El próximo 28 de abril estamos llamados a participar en unas elecciones generales de las que saldrán nuestros representantes en el Congreso de los Diputados y en el Senado. Más allá de la elección del presidente del Gobierno, primera misión de trascendencia insuperable que llevará a cabo el Congreso de los Diputados, las dos Cámaras están compelidas a cumplir sus funciones constitucionales a lo largo de toda la Legislatura.

Nuestra Constitución establece que las Cortes Generales están formadas por el Congreso de los Diputados y el Senado. Nuestra tradición parlamentaria española, salvo dos excepciones, se ha caracterizado por el modelo bicameral. Es obvio que el bicameralismo con presencia de una segunda Cámara de composición aristocrática o corporativa resulta hoy absolutamente desfasado en el tiempo. Por ello, la estructura bicameral solo se justifica en aquellos estados democráticos dotados de una cierta descentralización territorial del poder. La estructura bicameral que la Constitución de 1978 acoge trae causa, pues, del reconocimiento del principio de autonomía de los territorios reconocido en el artículo 2 de nuestra Constitución. De ahí que en la Constitución se reconozca una Cámara de «representación popular» (el Congreso) y una segunda Cámara de «representación territorial» (el Senado).

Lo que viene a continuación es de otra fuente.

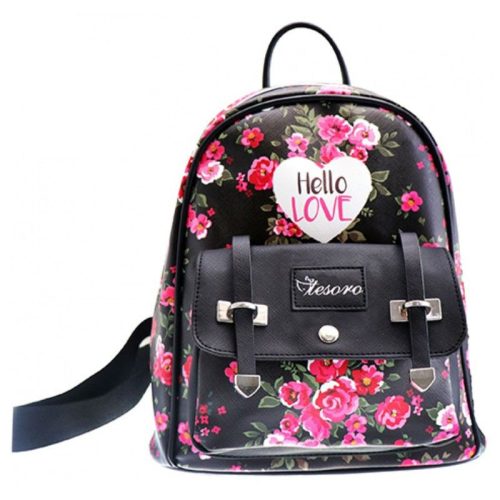 Luna Tesoro Hello Love virágos hátizsák (20x10x25cm)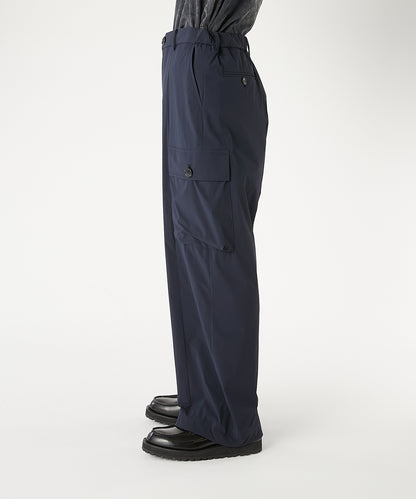 FLAP-POCKET WIDE TROUSERS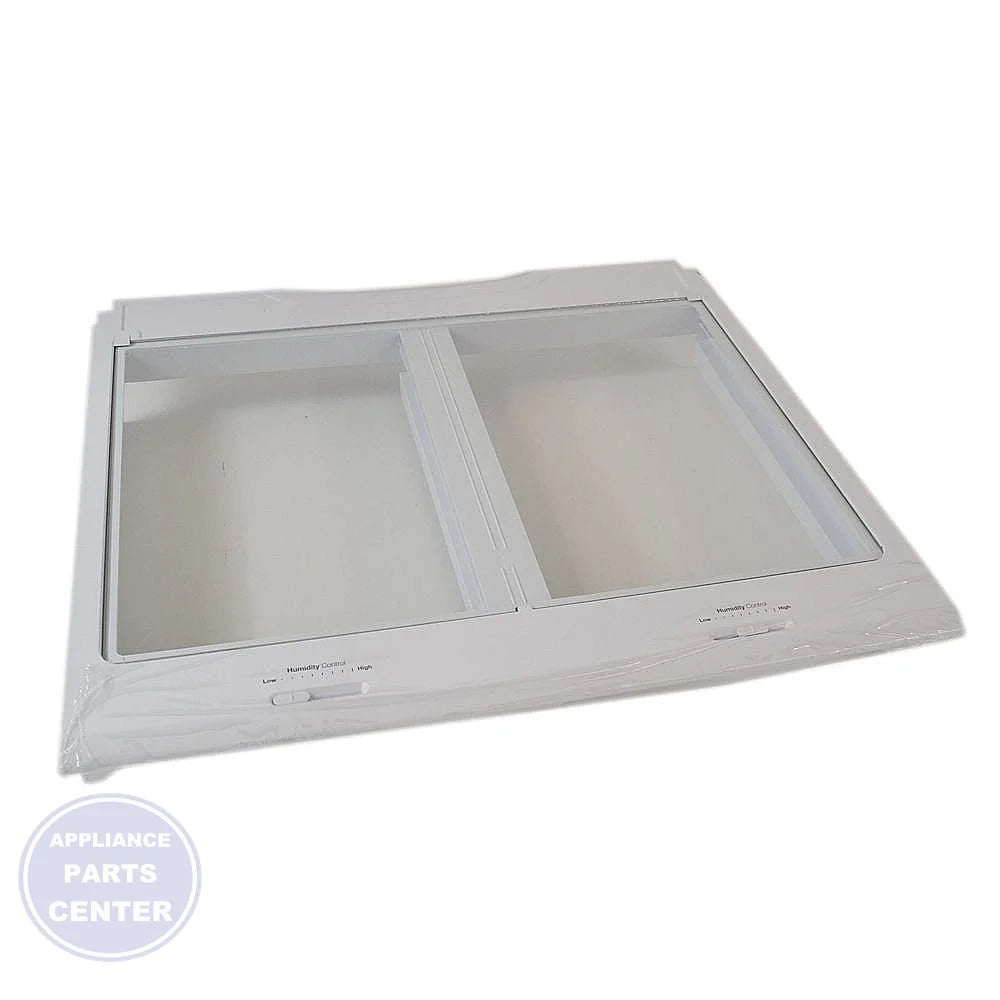 Samsung Refrigerator Crisper Drawer Cover Assembly DA97-13029A - Main view showing freshness preservation for RS25H5111SR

Pero la importancia que la Constitución da a ambas cámaras dista mucho de ser equiparable. Así, si atendemos al procedimiento legislativo, vemos que el Senado se configura como una cámara de «segunda lectura». En efecto, el Senado puede enmendar e, incluso, vetar las iniciativas legislativas remitidas por el Congreso, pero sus efectos suelen ser meramente retardatarios de las decisiones, pues en caso de conflicto entre ambas cámaras prevalece siempre la voluntad del Congreso. Y otro tanto sucede con competencias esenciales que la Cámara baja ejerce de manera exclusiva: así, el Congreso inviste al presidente del Gobierno y puede retirarle la confianza mediante la aprobación de una moción de censura o la denegación de una cuestión de confianza, convalida los Decretos--leyes, aprueba las leyes orgánicas e interviene en la declaración de los estados de alarma, excepción y sitio.

La aportación del Senado a la vida del Estado es escasamente útil. Esta descompensación de funciones a favor del Congreso produce un carácter desequilibrado, asimétrico y desigual de nuestro bicameralismo. Lo cual no quiere decir que el Senado no ejerza algunas competencias de manera privativa, como es el caso de la necesaria autorización al Gobierno para implementar medidas cuando una comunidad autónoma incumpla sus obligaciones constitucionales o legales o actúe de forma que atente gravemente al interés de España, como se establece en el bien conocido artículo 155 de nuestra Constitución.

Junto a este desequilibrio en sus funciones, nos encontramos con otro elemento que acentúa la necesidad de una reforma del Senado en clave constitucional: en España los entes territoriales dotados de autonomía política son las comunidades autónomas, no las provincias, y por tanto sería conveniente que el Senado se convirtiera en una Cámara representativa de las comunidades autónomas. Con ello se podría asegurar una participación eficaz y ordenada de las comunidades en la vida del Estado, y muy especialmente en el ejercicio de la potestad legislativa, y abrir un cauce eficaz a la relación conjunta de las comunidades con las instancias centrales del Estado. Se trataría, pues, de conseguir de este modo, que las comunidades escapen a la tentación de enfocar sus propios problemas desde una perspectiva puramente localista y reforzar así la aceptación social de las leyes, cuya responsabilidad última debe quedar sin embargo en manos del Congreso de los Diputados. Este nuevo modelo de Senado ayudaría también a facilitar la conexión entre las comunidades autónomas y las políticas de la Unión Europea garantizando su participación real y efectiva tanto a la hora de su elaboración como de su aplicación. Igualmente podría ser interesante su participación en el sistema de financiación autonómica.

En cuanto a la composición de un Senado que se pretenda como auténtica cámara de representación territorial, son varias las opciones posibles, pero quizá la más operativa fuera la de integrar en el Senado a miembros designados por los gobiernos de las comunidades autónomas y que el número total de senadores no sea demasiado elevado (por debajo de 100), procediéndose a una asignación mínima de un número fijo de senadores por Comunidad Autónoma (también por cada una de las ciudades autónomas) junto a un número creciente de senadores en función de la población, como forma de combinar la representación personal y territorial.